Exercise brief:
Verbatim copy, pictures excluded: every line from the one with "Davidson's Organics, Decaffeinated" through the final line of the data below, and no other line.

※

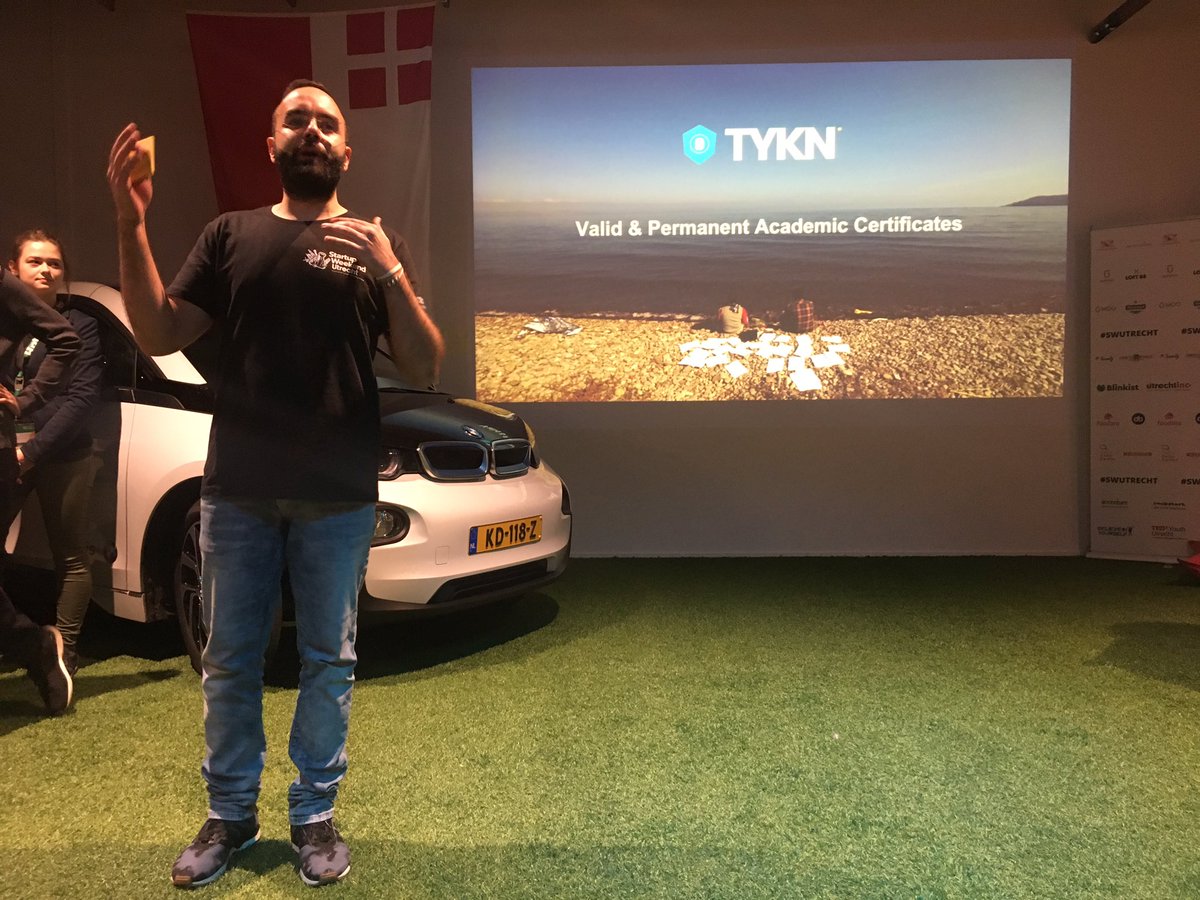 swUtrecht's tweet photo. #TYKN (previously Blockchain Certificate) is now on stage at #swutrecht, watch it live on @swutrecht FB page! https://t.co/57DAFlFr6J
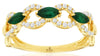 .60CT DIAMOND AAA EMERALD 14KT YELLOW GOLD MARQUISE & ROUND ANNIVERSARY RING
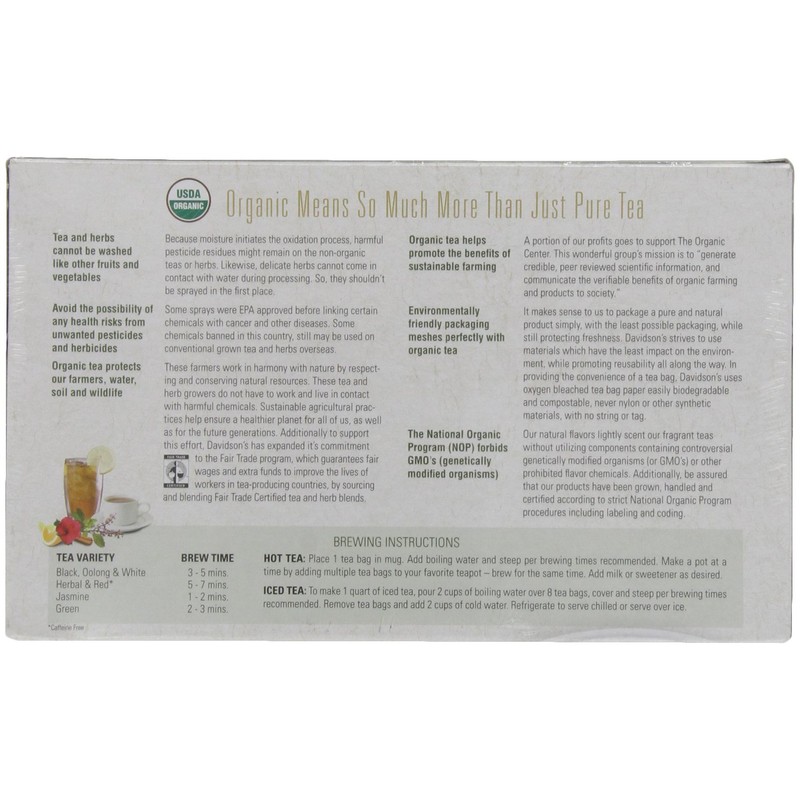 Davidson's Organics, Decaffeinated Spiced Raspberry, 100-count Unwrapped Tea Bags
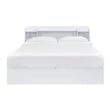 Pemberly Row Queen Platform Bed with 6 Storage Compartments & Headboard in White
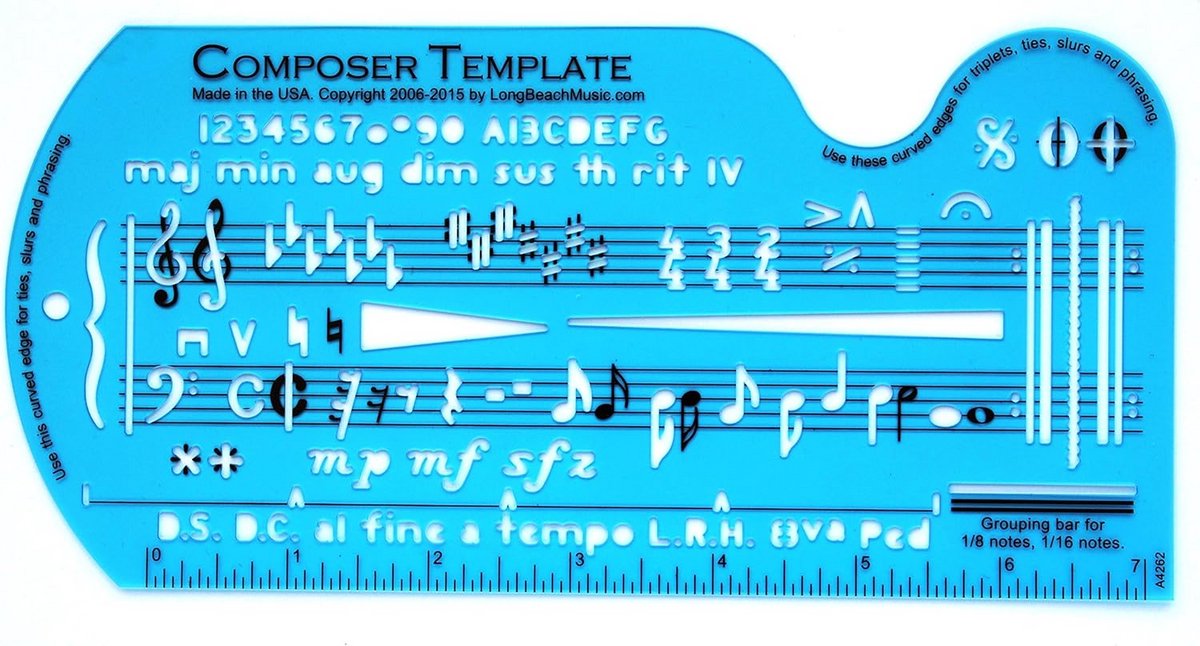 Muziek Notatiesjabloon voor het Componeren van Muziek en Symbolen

※

Response below:
 Davidson's Organics, Decaffeinated Spiced Raspberry, 100-count Unwrapped Tea Bags
 Pemberly Row Queen Platform Bed with 6 Storage Compartments & Headboard in White
 Muziek Notatiesjabloon voor het Componeren van Muziek en Symbolen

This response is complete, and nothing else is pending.